Below are some records. Write out exactly their lines from the one with "Book cover of Managerial Planning" through the one with "Congélateur vitré de", and leave the pictures behind.
*** Opening of Task inputs ***
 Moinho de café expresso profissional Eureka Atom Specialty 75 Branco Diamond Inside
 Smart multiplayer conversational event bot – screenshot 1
*** Close of Task inputs ***
*** Opening of Task inputs ***
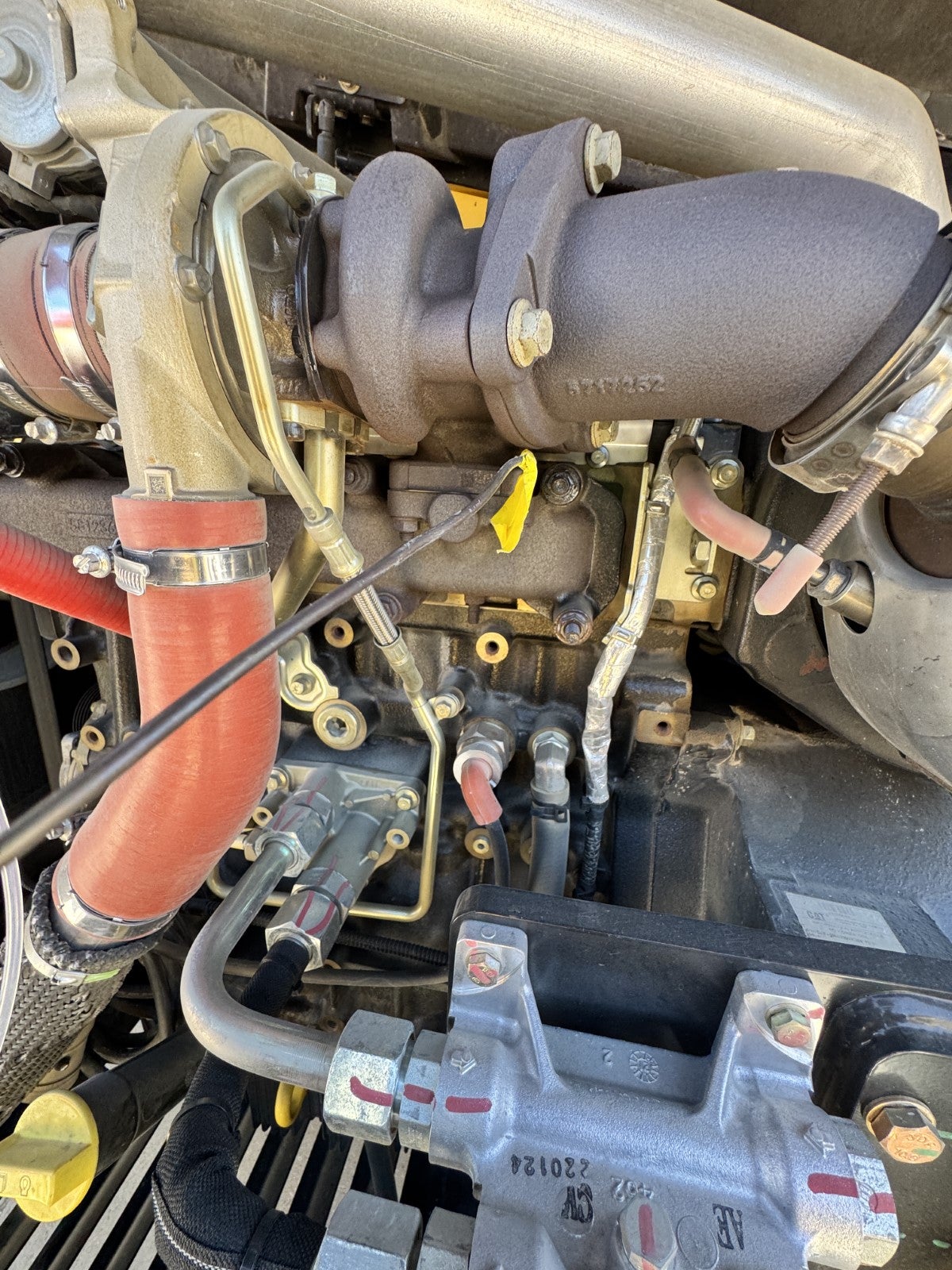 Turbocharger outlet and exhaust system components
*** Close of Task inputs ***
*** Opening of Task inputs ***
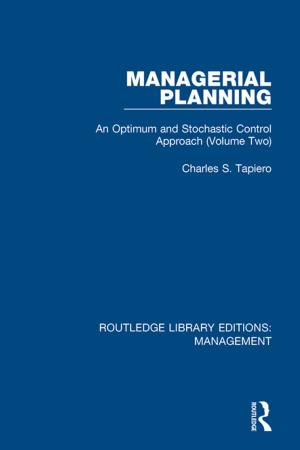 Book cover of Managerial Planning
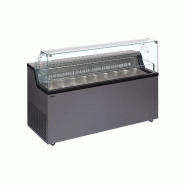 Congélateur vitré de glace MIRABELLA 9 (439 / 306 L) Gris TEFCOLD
*** Close of Task inputs ***
## Output for this exercise
 Book cover of Managerial Planning
 Congélateur vitré de glace MIRABELLA 9 (439 / 306 L) Gris TEFCOLD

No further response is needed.